There are 2 forms of bacteria. 1 turns ammonia into nitrite and the other turns nitrite into nitrate. So when you see ammonia at 0 your half way there. Do be patient after, as the bacteria that converts nitrites to nitrates take about twice as long to multiply. Once you see Nitrates in your tank the cycle is complete, but not fully established until you see both ammonia and nitrite spikes drop to zero.

Keep us updated and feel free to ask any questions you may have. Hope this helps!


----------



## ryan51 (Dec 9, 2015)

Okay all, we're almost there!

Sorry if I haven't responded to every post. I've read this thread numerous times and referred back to it when needed. I really do appreciate all the help.

So... My wife and I are planning on adding fish to our tank TOMORROW! We've been cycling since my original post, adding food to the tank to act as a medium to grow the bacteria (I liked the idea of using shrimp, etc., but we have a lot of company over and I didn't want it to look too gross). I do, however, have plenty of decorations to provide surface area and have a heater that keeps the tank at 78F. I bought a test kit yesterday and both the ammonia and the nitrites are at or near zero (hard to be too precise with the color coded kits imo). My water is reasonably hard, but according to local pet stores it's pretty consistent with their tanks (just under 8.0 p.h. levels) and I've heard that consistency can actually be more important than the actual level.

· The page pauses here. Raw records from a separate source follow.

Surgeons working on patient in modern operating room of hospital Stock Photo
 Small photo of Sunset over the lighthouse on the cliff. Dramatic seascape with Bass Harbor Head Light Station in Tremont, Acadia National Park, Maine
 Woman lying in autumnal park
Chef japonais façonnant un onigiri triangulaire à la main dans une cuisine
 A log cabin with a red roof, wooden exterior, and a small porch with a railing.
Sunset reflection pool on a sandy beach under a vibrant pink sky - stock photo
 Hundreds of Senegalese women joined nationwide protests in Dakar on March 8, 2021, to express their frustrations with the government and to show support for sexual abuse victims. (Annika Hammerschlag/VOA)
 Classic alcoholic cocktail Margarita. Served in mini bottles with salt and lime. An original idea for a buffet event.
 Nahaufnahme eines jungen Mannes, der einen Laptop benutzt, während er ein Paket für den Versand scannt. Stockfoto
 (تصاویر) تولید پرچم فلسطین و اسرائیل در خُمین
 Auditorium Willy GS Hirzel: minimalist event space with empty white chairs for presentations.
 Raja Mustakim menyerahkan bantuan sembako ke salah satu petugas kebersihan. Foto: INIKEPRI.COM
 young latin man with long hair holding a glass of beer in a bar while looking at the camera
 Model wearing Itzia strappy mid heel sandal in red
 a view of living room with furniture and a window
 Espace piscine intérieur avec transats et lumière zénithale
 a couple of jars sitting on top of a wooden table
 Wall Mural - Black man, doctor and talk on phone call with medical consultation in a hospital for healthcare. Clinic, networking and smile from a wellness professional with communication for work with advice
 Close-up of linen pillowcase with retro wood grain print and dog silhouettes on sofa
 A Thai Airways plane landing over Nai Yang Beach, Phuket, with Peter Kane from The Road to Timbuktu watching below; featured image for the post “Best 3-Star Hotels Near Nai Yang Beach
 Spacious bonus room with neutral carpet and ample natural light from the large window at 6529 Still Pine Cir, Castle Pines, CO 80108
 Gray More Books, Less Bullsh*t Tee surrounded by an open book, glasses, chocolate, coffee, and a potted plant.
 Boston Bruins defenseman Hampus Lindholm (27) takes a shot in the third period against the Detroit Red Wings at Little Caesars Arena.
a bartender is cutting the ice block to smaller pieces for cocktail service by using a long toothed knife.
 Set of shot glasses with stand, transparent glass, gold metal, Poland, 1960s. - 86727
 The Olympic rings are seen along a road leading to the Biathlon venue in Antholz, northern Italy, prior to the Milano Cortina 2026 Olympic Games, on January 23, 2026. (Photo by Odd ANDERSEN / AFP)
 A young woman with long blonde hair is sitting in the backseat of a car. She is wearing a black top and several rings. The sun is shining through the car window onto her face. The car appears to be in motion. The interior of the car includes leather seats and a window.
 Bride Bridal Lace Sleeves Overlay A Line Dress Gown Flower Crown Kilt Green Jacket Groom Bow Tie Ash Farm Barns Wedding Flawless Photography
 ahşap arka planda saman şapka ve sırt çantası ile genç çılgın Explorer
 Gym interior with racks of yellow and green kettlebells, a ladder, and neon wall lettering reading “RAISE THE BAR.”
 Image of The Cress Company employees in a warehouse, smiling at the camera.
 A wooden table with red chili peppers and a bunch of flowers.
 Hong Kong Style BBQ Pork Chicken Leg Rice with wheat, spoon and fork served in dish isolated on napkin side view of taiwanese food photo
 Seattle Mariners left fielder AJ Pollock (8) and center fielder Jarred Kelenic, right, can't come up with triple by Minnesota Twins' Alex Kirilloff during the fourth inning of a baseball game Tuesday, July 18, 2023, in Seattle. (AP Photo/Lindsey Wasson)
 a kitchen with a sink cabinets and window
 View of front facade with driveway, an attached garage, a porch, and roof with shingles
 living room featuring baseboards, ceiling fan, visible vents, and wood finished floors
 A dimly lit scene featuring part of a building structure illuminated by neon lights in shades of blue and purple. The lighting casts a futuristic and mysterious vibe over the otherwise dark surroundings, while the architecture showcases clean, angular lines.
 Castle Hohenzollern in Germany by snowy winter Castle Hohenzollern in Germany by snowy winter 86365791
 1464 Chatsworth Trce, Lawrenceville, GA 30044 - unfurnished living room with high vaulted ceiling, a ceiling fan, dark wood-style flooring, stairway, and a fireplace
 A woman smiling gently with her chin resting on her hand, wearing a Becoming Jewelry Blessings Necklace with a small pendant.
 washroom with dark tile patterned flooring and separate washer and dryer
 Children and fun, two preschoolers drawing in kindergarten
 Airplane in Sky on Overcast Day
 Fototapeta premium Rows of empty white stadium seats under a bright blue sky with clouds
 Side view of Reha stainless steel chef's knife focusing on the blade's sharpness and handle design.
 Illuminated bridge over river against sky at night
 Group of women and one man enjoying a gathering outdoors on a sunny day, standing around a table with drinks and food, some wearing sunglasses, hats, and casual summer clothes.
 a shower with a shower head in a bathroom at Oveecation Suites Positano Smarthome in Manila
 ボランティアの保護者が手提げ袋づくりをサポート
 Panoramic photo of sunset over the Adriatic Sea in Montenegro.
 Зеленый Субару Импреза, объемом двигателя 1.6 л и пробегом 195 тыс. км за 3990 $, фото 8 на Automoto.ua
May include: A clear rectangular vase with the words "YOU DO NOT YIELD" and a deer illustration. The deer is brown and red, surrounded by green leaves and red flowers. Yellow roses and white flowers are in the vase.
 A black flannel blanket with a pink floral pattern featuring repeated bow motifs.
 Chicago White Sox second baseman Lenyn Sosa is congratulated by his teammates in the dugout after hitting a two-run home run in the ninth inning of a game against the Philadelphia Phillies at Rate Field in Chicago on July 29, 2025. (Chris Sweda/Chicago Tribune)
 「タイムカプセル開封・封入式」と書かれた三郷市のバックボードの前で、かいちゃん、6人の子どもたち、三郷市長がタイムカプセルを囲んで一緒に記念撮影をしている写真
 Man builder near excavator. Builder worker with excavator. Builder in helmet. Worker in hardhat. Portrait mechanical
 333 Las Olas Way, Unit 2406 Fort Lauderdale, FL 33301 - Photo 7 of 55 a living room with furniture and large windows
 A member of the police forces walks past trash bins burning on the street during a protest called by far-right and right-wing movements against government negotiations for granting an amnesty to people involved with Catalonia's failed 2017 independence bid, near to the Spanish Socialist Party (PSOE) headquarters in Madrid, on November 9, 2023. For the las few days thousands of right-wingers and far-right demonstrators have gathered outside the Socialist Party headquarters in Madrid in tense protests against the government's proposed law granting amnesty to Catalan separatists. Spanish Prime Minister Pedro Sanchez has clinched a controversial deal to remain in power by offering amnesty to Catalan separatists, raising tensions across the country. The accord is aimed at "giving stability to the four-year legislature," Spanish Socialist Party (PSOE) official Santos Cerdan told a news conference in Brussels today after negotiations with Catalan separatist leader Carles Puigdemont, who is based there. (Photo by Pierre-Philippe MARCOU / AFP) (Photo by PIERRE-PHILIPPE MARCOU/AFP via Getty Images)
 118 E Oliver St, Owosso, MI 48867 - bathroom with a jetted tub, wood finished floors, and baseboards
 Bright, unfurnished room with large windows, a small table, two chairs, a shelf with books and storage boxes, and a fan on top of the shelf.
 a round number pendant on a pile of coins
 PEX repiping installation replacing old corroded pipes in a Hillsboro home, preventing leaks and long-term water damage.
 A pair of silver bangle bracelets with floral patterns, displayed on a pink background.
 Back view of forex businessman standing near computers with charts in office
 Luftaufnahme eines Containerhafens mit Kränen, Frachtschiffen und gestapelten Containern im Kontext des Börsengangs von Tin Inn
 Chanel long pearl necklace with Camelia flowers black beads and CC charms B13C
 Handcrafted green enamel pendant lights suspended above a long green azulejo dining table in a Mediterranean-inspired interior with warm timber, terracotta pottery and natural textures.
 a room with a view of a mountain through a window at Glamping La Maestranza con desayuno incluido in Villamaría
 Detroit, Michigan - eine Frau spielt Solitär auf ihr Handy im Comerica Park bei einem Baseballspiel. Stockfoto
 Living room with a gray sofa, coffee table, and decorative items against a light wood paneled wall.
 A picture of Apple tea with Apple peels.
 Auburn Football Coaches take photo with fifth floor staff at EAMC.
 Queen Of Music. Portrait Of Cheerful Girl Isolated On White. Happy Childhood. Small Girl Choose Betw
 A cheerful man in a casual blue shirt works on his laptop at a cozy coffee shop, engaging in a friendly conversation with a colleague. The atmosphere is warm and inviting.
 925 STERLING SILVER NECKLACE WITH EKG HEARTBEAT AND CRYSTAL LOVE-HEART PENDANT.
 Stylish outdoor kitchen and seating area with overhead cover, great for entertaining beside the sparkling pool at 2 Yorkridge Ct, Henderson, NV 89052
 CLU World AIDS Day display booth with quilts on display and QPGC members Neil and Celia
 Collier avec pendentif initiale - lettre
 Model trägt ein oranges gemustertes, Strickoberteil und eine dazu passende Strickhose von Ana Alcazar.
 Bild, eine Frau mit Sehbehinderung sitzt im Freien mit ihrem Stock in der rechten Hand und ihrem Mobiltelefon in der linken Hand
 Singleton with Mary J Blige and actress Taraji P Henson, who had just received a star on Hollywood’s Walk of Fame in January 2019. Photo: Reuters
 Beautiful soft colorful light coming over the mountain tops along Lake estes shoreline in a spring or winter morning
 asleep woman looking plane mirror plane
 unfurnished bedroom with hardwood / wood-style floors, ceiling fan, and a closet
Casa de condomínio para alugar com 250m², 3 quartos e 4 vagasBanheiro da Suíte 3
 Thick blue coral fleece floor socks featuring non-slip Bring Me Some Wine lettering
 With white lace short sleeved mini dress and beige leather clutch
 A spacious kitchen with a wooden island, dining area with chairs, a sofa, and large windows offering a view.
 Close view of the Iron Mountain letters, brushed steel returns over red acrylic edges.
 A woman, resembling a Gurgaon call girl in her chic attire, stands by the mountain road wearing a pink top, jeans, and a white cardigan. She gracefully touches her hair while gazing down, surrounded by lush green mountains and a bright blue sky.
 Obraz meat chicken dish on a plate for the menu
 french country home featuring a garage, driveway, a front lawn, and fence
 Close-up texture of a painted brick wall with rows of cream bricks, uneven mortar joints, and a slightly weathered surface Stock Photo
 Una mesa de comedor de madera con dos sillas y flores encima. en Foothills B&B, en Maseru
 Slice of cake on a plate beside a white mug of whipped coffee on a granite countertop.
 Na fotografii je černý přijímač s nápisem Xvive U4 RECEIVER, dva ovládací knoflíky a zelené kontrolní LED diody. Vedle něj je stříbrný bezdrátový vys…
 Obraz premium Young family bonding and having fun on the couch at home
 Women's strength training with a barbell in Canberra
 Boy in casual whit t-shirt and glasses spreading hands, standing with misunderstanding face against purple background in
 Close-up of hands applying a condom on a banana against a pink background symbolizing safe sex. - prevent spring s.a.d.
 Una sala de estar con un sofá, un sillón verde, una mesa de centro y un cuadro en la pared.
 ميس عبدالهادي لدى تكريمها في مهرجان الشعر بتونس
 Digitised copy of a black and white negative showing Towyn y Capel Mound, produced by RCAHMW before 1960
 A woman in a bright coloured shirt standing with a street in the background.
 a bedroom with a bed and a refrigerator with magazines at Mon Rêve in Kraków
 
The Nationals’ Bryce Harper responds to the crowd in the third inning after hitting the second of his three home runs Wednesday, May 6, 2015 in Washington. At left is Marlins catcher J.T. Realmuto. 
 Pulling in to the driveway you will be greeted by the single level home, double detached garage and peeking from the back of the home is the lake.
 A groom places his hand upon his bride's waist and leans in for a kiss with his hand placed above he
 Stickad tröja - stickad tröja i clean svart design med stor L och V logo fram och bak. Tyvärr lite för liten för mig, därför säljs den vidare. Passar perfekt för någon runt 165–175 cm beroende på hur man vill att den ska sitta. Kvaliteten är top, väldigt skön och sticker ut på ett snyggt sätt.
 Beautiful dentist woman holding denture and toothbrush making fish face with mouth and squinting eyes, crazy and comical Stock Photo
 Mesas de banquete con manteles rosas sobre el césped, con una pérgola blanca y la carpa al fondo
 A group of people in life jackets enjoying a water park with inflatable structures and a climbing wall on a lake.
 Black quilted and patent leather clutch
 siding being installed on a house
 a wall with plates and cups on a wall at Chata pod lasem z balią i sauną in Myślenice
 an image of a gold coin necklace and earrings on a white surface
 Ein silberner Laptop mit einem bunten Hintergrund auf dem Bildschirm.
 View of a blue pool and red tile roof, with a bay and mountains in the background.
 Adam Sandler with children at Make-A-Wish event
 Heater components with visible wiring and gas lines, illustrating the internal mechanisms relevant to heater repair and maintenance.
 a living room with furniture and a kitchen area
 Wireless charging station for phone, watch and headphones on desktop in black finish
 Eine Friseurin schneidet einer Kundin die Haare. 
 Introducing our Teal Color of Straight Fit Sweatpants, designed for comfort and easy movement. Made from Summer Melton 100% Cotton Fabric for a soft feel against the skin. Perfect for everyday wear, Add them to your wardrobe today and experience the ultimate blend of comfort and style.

Tomorrow I'm going to buy two mollies and see how it goes! I'll be testing the water levels daily and I'll let y'all know what happens.


----------



## ryan51 (Dec 9, 2015)

On another note, we're still recovering from the annual holiday spending spree but I think that sometimes in January or February I'll be able to convince my wife to get a 40g tank.


----------



## bullseyejoey (Aug 30, 2012)

Once you're sure of the mollies survival, I would recommend getting at least 4 more because they are schooling fish, and if you're lucky, you may have some baby mollies coming your way!


----------



## TheOldSalt (Jan 28, 2005)

After you get things cycled with the rotten food, change some water.


----------



## BabyGirl77 (Nov 2, 2015)

Ryan: any tank takes 6-8 weeks to cycle, even with fish in the tank. If you seed the tank with bacteria, you can get a cycle complete under 6 weeks. I have cycled my 5.5 gallon in 3 weeks because I put three decorations from my 55 gallon in the 5.5 gallon. The decor obviously had bacteria on them still. But without seeding the tank with bacteria, just adding the food, it will take 6-8 weeks for the tank to cycle completely.


----------



## ryan51 (Dec 9, 2015)

We did it! We got two female mollies. One black molly and one yellow balloon belly molly. Hopefully adding some more in a week or so depending on what the chemicals in the tank look like.



bullseyejoey said:


> Once you're sure of the mollies survival, I would recommend getting at least 4 more because they are schooling fish, and if you're lucky, you may have some baby mollies coming your way!


We're actually hoping not to get any babies. We got all females so they won't be able to breed. I agree about getting more to let them school, though. Will mollies school with any other fish?



TheOldSalt said:


> After you get things cycled with the rotten food, change some water.


Taken care of  thanks for the advice, though. We did about a 1/3 water change yesterday.



BabyGirl77 said:


> Ryan: any tank takes 6-8 weeks to cycle, even with fish in the tank. If you seed the tank with bacteria, you can get a cycle complete under 6 weeks. I have cycled my 5.5 gallon in 3 weeks because I put three decorations from my 55 gallon in the 5.5 gallon. The decor obviously had bacteria on them still. But without seeding the tank with bacteria, just adding the food, it will take 6-8 weeks for the tank to cycle completely.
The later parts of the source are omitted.